Das klingt mir nach einer Situation in der man am besten sagen kann: kommt Zeit - kommt Rat. Irgendein Schriftsteller hat angesichts eines Kulturschocks einmal formuliert: 'Ich hatte eine Form abgestreift ohne eine andere anzunehmen...'
Dieser Prozess faengt so langsam nach 5, 6 Monaten Abwesenheit von Zuhause ernsthaft an und ist dann zwar hinsichtlich seines Ausmasses noch flexibel, aber prinzipiell unumkehrbar.  Das verunsichert. Dann kommt noch hinzu, dass (je nachdem wo) USA immer  noch vergleichsweise stark mitteleuropaeische Zuege hat, Lateinamerika nur aeusserlich mit hispanisch-scholastischem Katholizismus und romanischen Sprachen; darunter aber sind Natur und archaisches Asien, vermengt mit Modernisierungsfolgen. Das geht unter die Haut. Auserdem noch die vielen Reise-Eindruecke, ich bin ja zu nach wie vor der Meinung dass wir heute zu schnell reisen.

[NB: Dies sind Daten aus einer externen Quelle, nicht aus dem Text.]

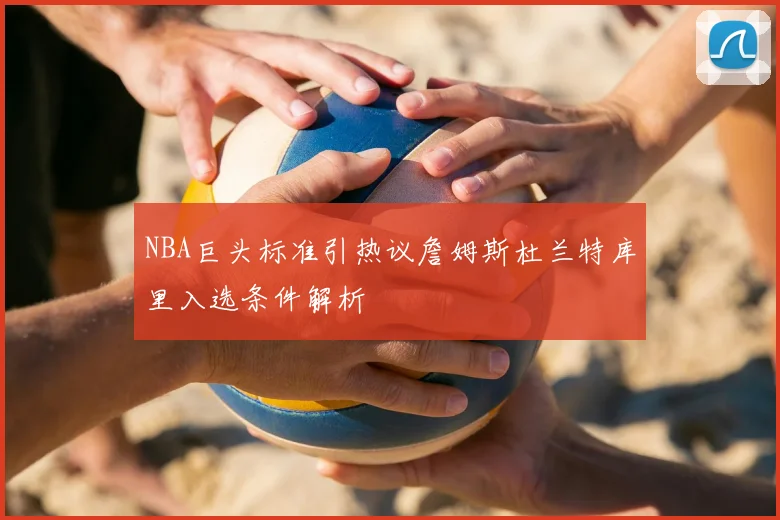NBA巨头标准引热议詹姆斯杜兰特库里入选条件解析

Nach Hause fliegen fuer 2 Wochen - was soll's bringen? Sofern dort niemand ist,der diese Situationen kennt, kann dir dort keiner helfen. Leg doch eine Pause ein irgendwo wo's ruhig ist und dir gefaellt und warte einfach ein bisschen ab. Dann kommen schonn Ideen und Plaene.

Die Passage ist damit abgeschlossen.